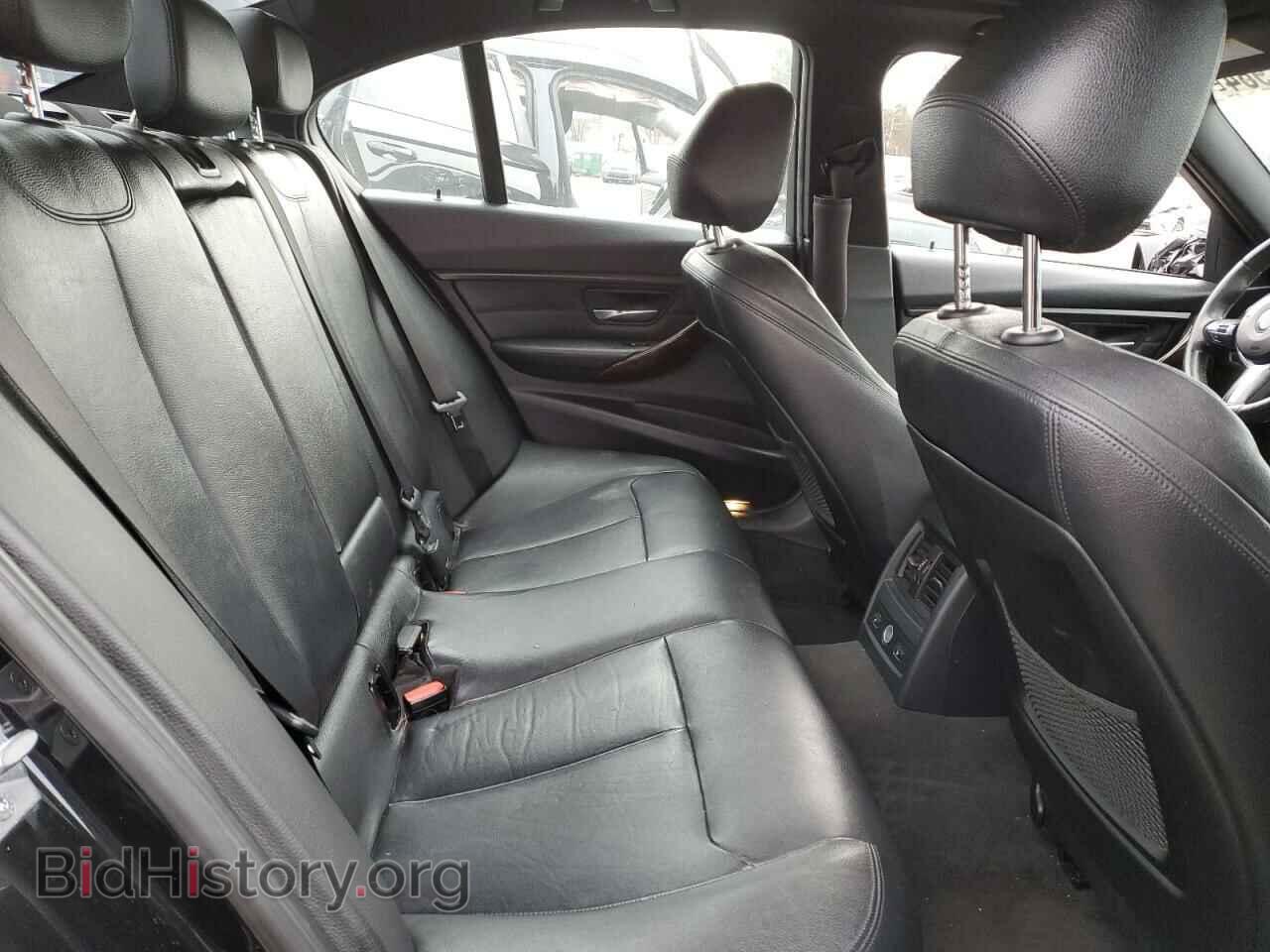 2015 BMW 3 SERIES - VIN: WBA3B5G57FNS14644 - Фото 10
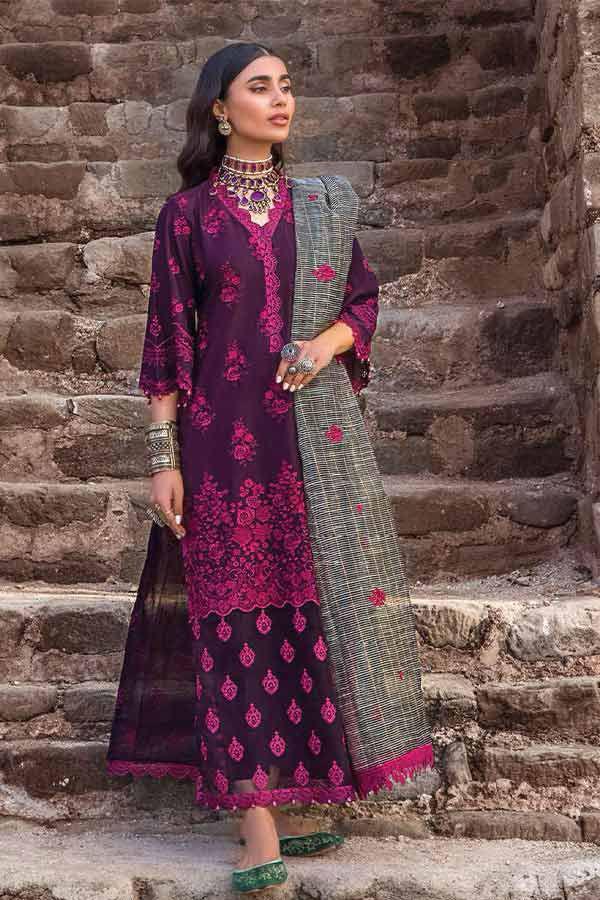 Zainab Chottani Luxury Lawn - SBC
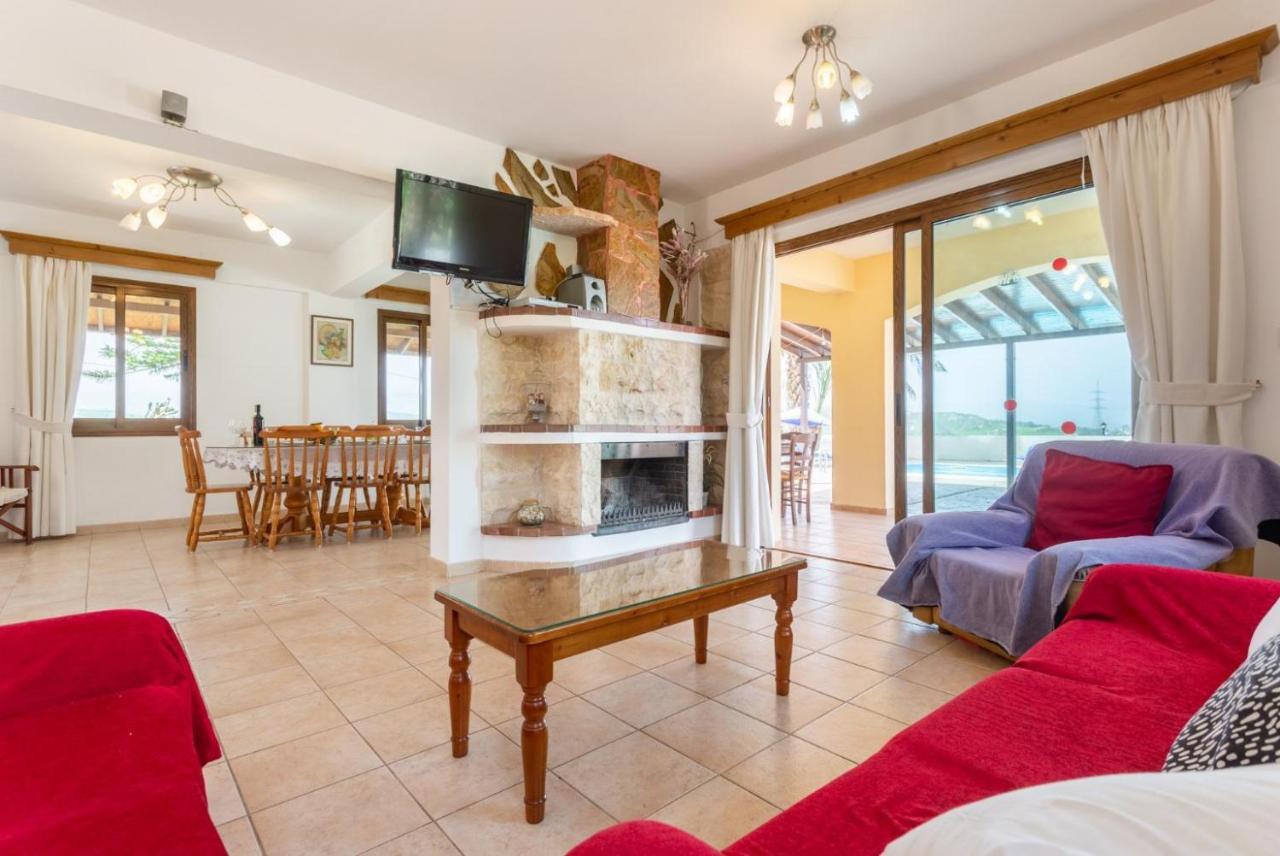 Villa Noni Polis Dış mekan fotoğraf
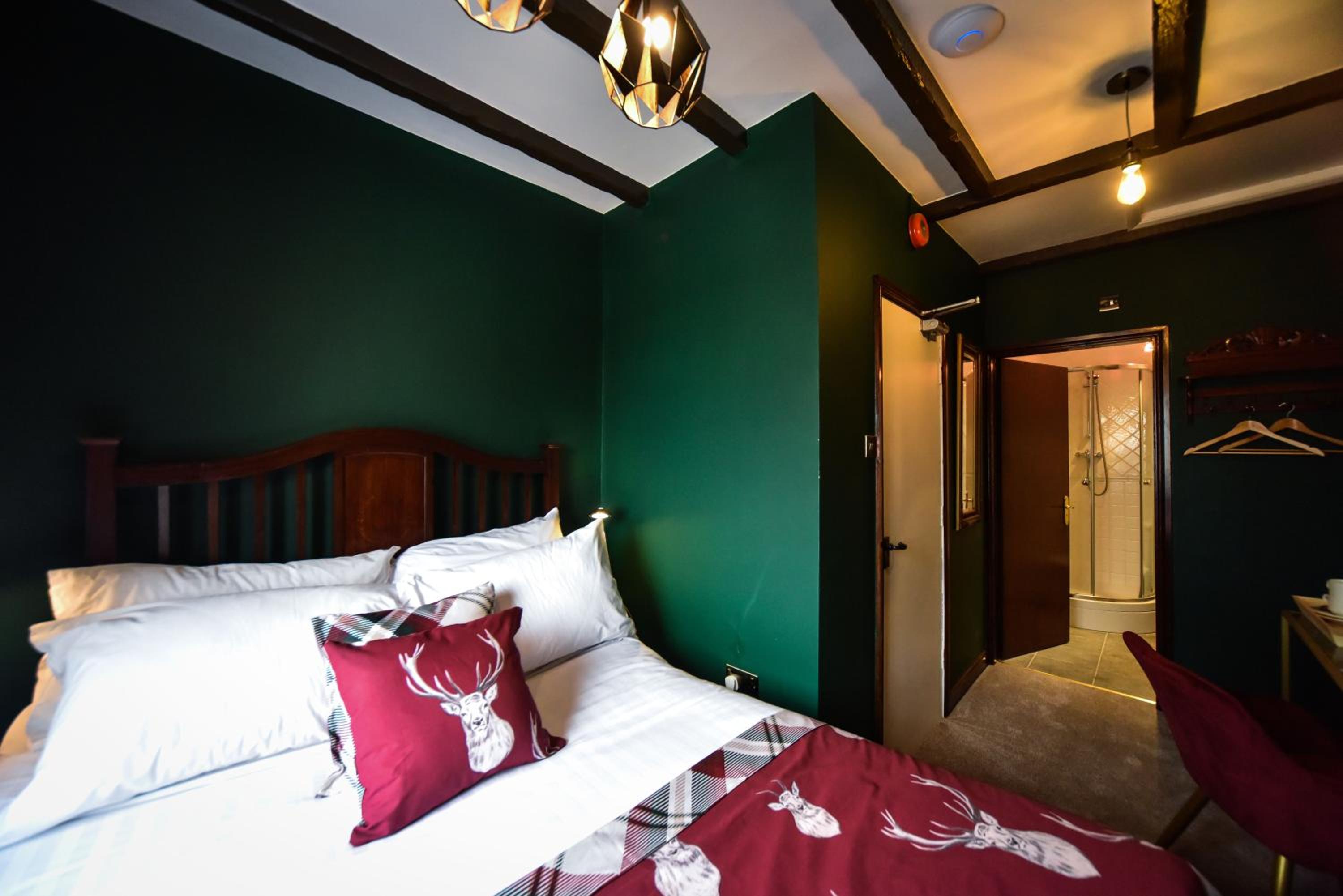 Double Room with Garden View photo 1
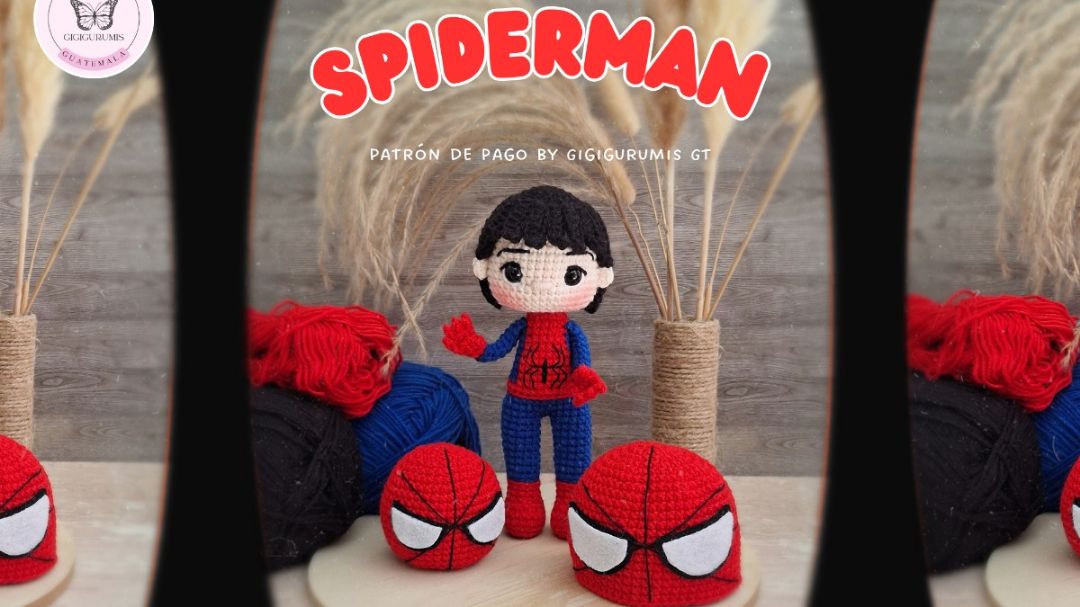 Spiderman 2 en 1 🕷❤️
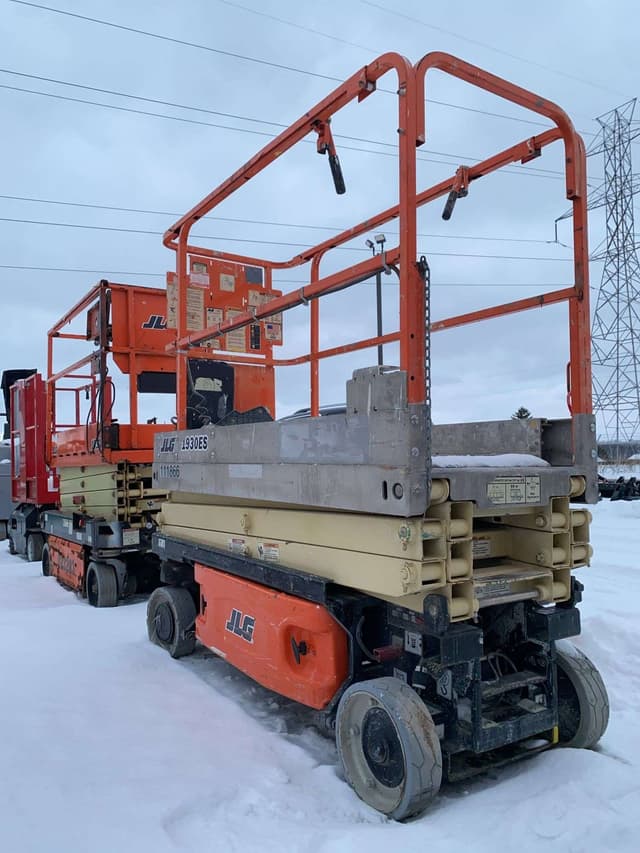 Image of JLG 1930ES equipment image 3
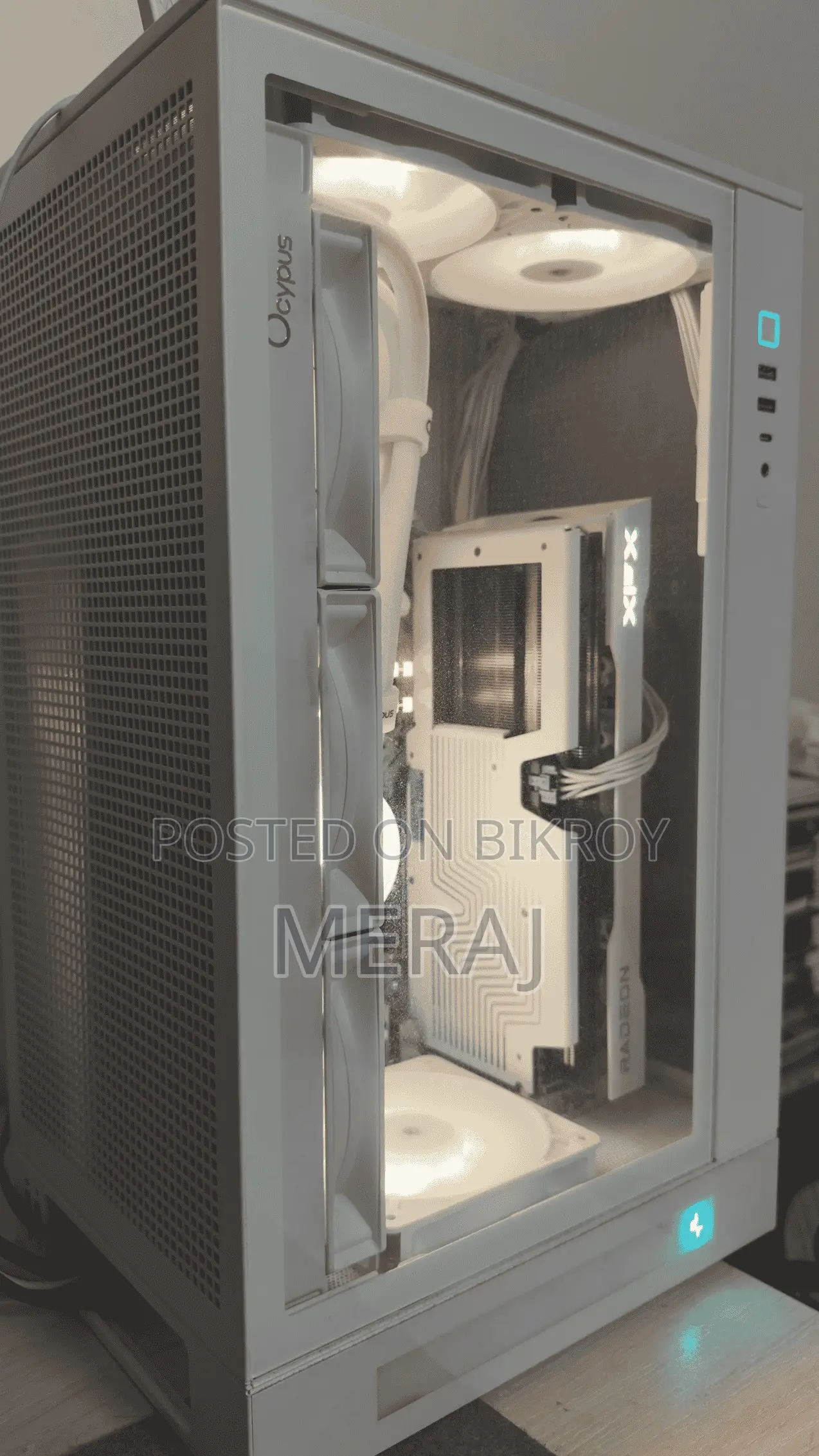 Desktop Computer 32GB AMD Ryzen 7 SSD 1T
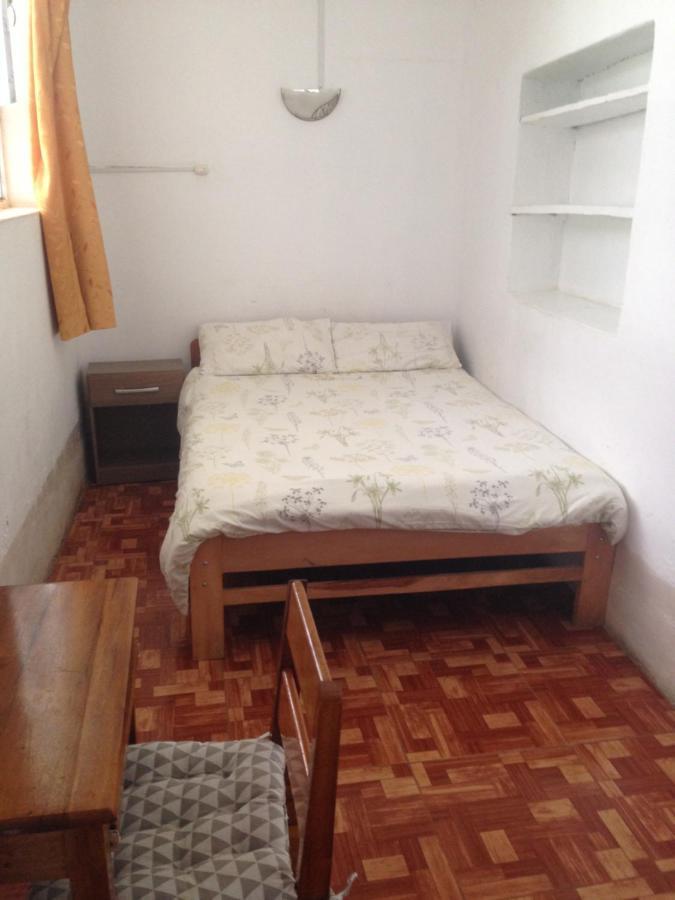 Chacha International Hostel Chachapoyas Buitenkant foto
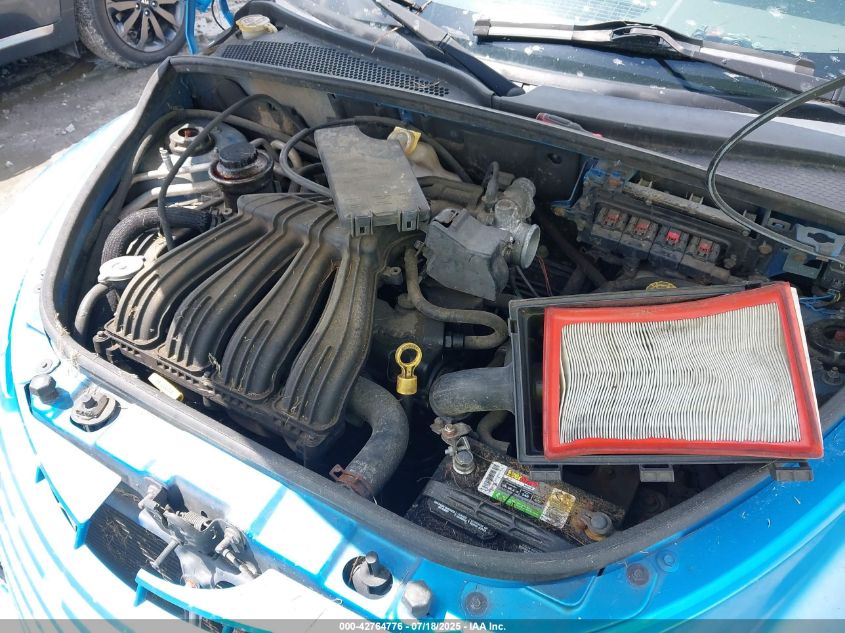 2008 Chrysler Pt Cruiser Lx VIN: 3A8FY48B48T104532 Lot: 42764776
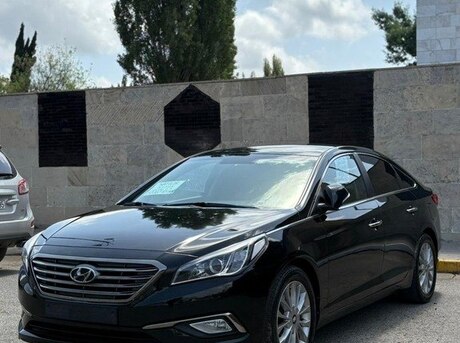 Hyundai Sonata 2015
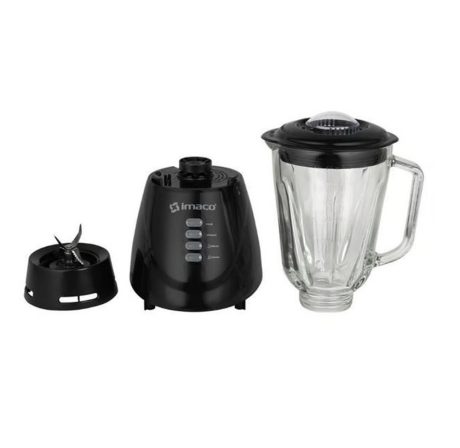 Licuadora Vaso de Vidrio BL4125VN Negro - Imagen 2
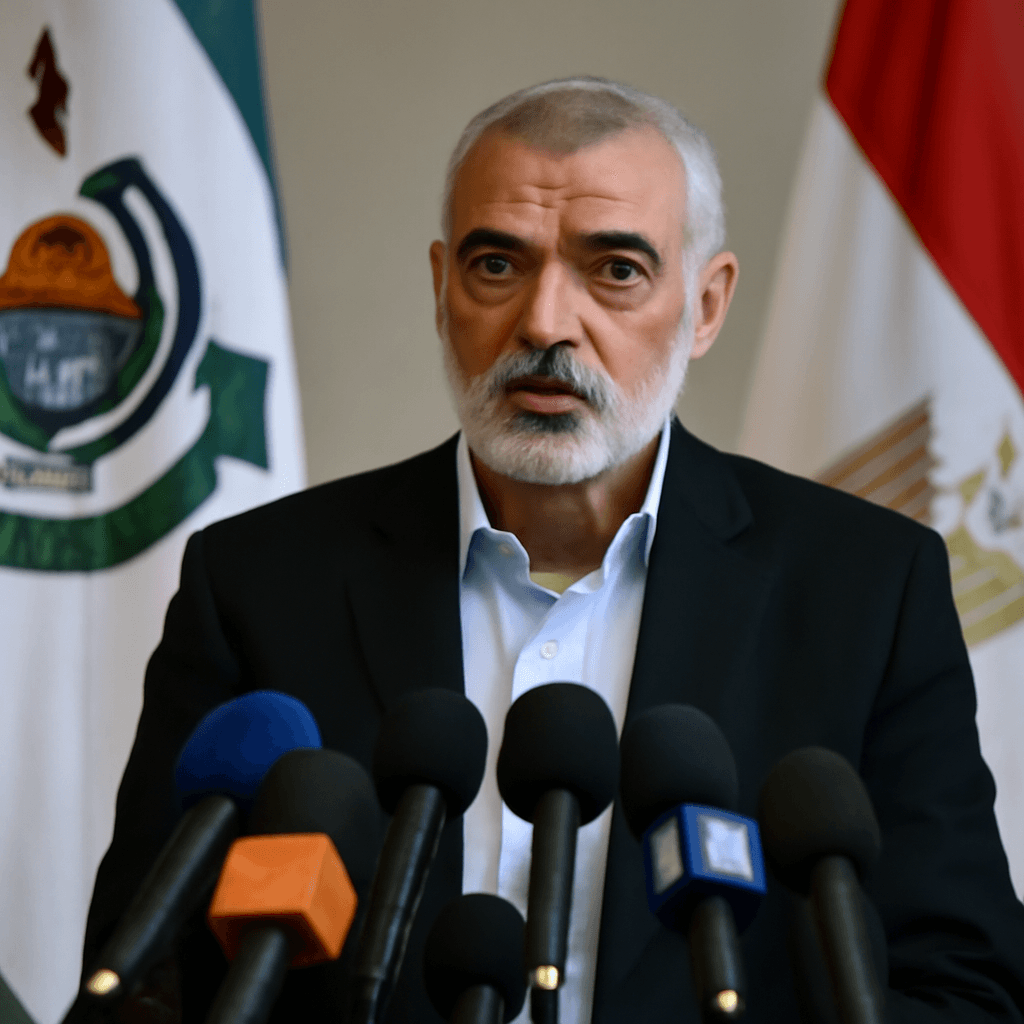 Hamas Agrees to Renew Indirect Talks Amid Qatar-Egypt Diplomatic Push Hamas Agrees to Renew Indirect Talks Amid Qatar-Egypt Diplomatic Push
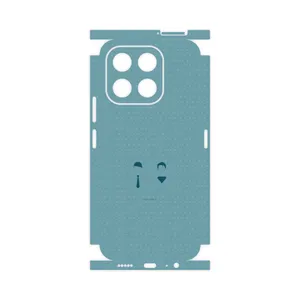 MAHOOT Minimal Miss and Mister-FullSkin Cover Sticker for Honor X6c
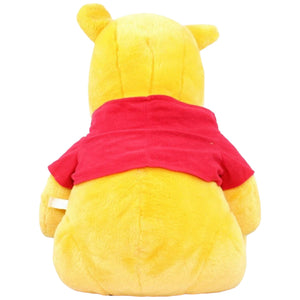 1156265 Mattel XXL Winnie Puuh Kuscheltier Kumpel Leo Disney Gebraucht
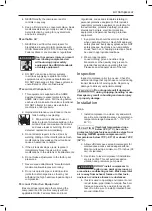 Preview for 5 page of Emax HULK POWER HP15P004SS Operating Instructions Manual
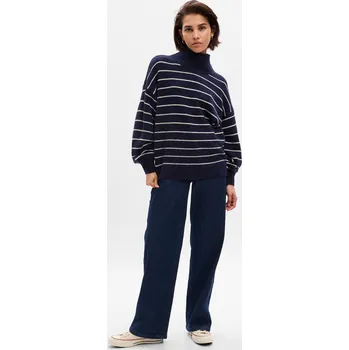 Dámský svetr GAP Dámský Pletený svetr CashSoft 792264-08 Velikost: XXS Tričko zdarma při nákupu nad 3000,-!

> **EXERCISE DESCRIPTION**: Would you print the whole listing exactly, omitting the pictures?

> **RESULT FOR THIS TASK**:
 2015 BMW 3 SERIES - VIN: WBA3B5G57FNS14644 - Фото 10
 Zainab Chottani Luxury Lawn - SBC
 Villa Noni Polis Dış mekan fotoğraf
 Double Room with Garden View photo 1
 Spiderman 2 en 1 🕷❤️
 Image of JLG 1930ES equipment image 3
 Desktop Computer 32GB AMD Ryzen 7 SSD 1T
 Chacha International Hostel Chachapoyas Buitenkant foto
 2008 Chrysler Pt Cruiser Lx VIN: 3A8FY48B48T104532 Lot: 42764776
 Hyundai Sonata 2015
 Licuadora Vaso de Vidrio BL4125VN Negro - Imagen 2
 Hamas Agrees to Renew Indirect Talks Amid Qatar-Egypt Diplomatic Push Hamas Agrees to Renew Indirect Talks Amid Qatar-Egypt Diplomatic Push
 MAHOOT Minimal Miss and Mister-FullSkin Cover Sticker for Honor X6c
 1156265 Mattel XXL Winnie Puuh Kuscheltier Kumpel Leo Disney Gebraucht
 Preview for 5 page of Emax HULK POWER HP15P004SS Operating Instructions Manual
 Dámský svetr GAP Dámský Pletený svetr CashSoft 792264-08 Velikost: XXS Tričko zdarma při nákupu nad 3000,-!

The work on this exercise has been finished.